Oct 21, 2010 Ned Campbell Uncategorized
Dick Kirk, the developer who renovated the near-condemned 55 Main in Camillus – soon to be “Krabby Kirk’s Saloon” – applied for a permit on Oct. 14 to install an LED sign on the east side of 75 Main St.
“The building sign proposed is 29 inches high, 7 foot 3 inches long,” said village codes enforcement officer John Williams during the Board of Trustees meeting held that night. Gasps from the few residents in attendance indicated their concern.
“Don’t you have a sign ordinance?” one attendee asked.
“We do have a sign ordinance, but the problem with the sign ordinance? … That can meet the existing sign ordinance,” Williams said.
“You address it with the new overlay, you don’t right now,” he added. The overlay district was drafted by attorney Steven Primo and presented at a public hearing in August – but it’s not yet finalized.
“No matter how objectionable it is, there’s not a thing we can do about it,” Primo said. “However, knowing Mr. Kirk, and the fact that he’s a reasonable guy, we might be able to negotiate some sort of accommodation – maybe even downsize it a little bit.”
If Kirk resisted a compromise, Primo continued, “I could not advise this board to now come up with something overnight … in order to circumvent his right to a permit.”

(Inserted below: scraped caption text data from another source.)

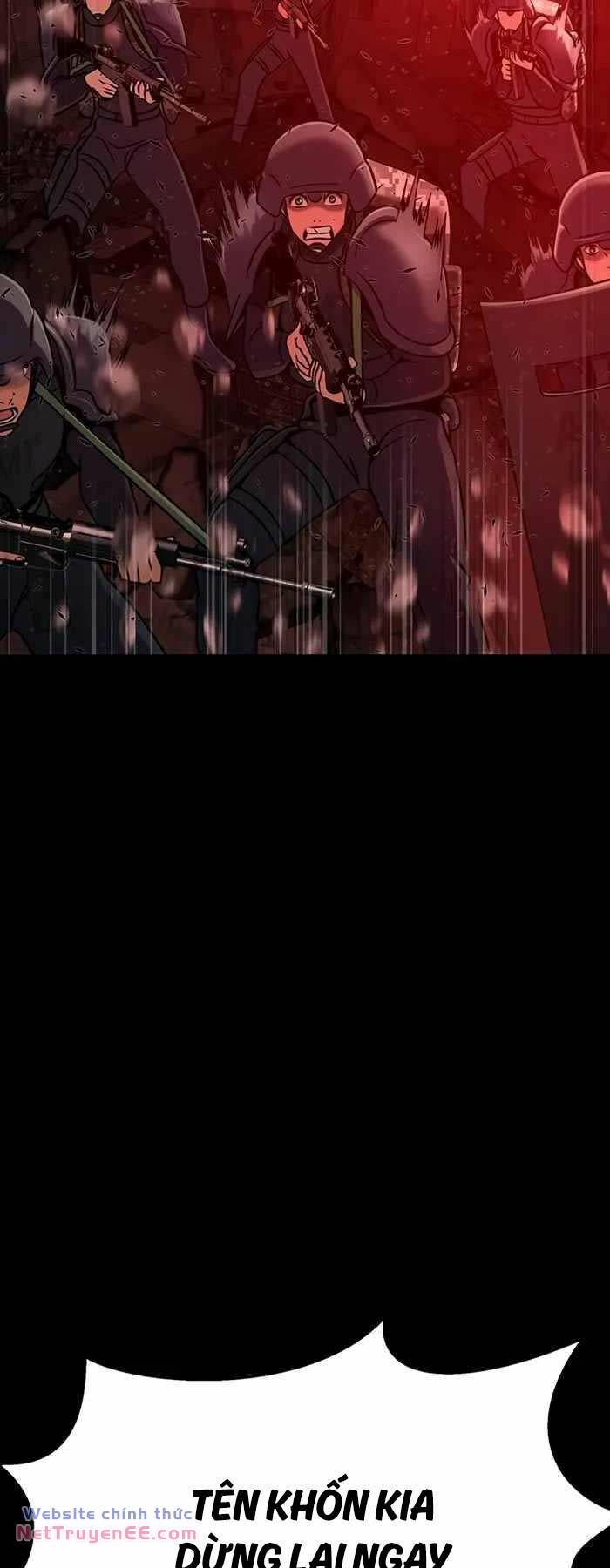 đọc truyện Người Chơi Thiết Thụ Chương 32 ảnh 6 tại Thiên Thai Truyện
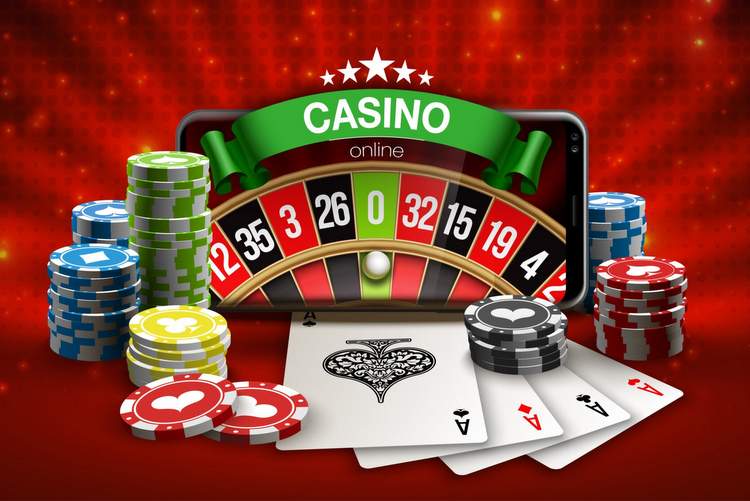 Experience Thrills and Wins at Jinx Casino & Sportsbook Experience Thrills and Wins at Jinx Casino & Sportsbook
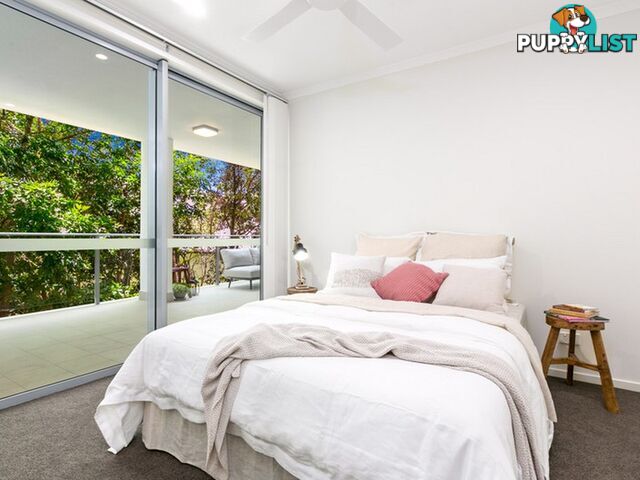 5/6-8 Wattle Street YORKEYS KNOB QLD 4878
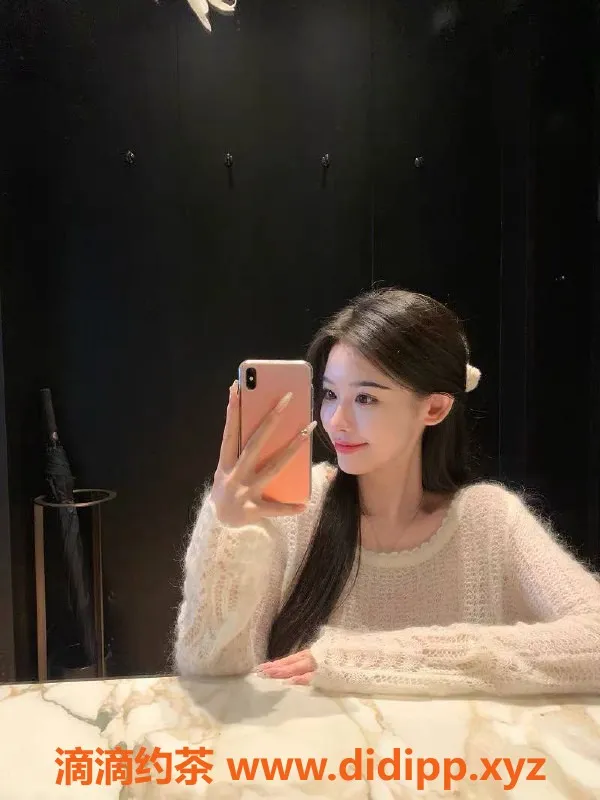 上海楼凤-普陀区韩妹秀妍 2600有服务好评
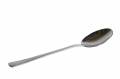 Soup spoon Marketa 5 CZK / pc | Cutlery hire Prague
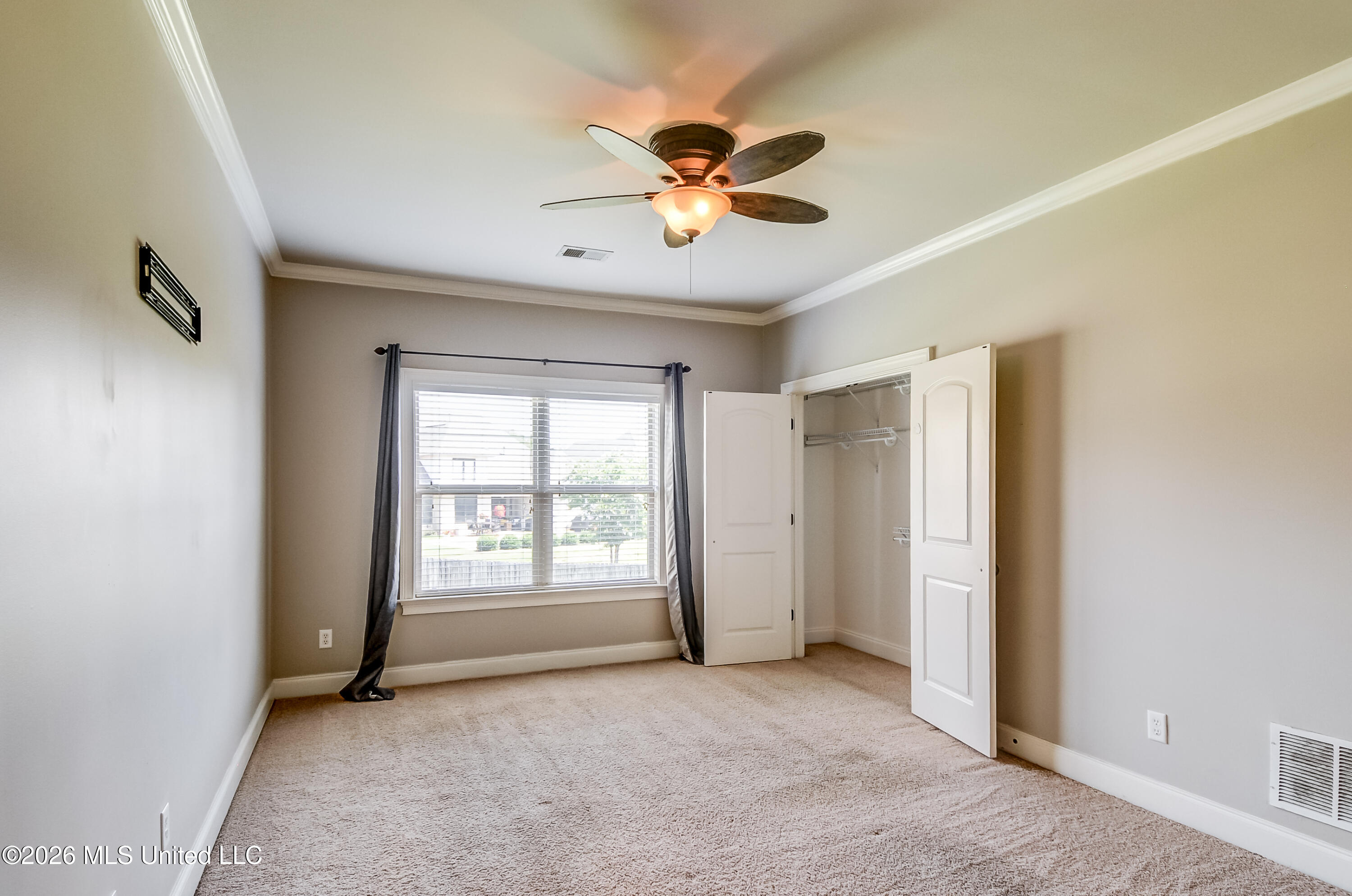 6606 Moondance Drive Property Photo 30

According to Williams, Kirk said that the sign would feature a banner advertising his business as well as scrolling public service announcements. Both Williams and Montero were uncertain on the details.
“What the board needs to do,” Williams said, “is look at the proposal, have Dick come in next month and discuss what he really wants to do with the [sign].”
“He’s been a reasonable guy; he’s worked well with the board,” Primo said. “We can talk to him.”
Montero took the opportunity to comment on village improvements to come.
“Dick’s almost done with [55 Main]; he’s purchased three other buildings. All three of them are getting a facelift with community development [grants],” he said.
He added that the Animal Clinic, located at the corner of South Street, would also be improved with county grant assistance, along with the Golden Pet on Main Street.
$2.3 million build-up
Williams reported that the village has interested parties to rehabilitate the old Camillus Cutlery building.
The original $2.3 million Restore New York Grant awarded to the village, and abandoned by developer Tom Blair, is still available, as long as the buyer stays within the project’s original scope – residential on top, professional space below.
Williams also noted that the gas station on the corner of Main Street and Newport Road could reopen by the end of the year.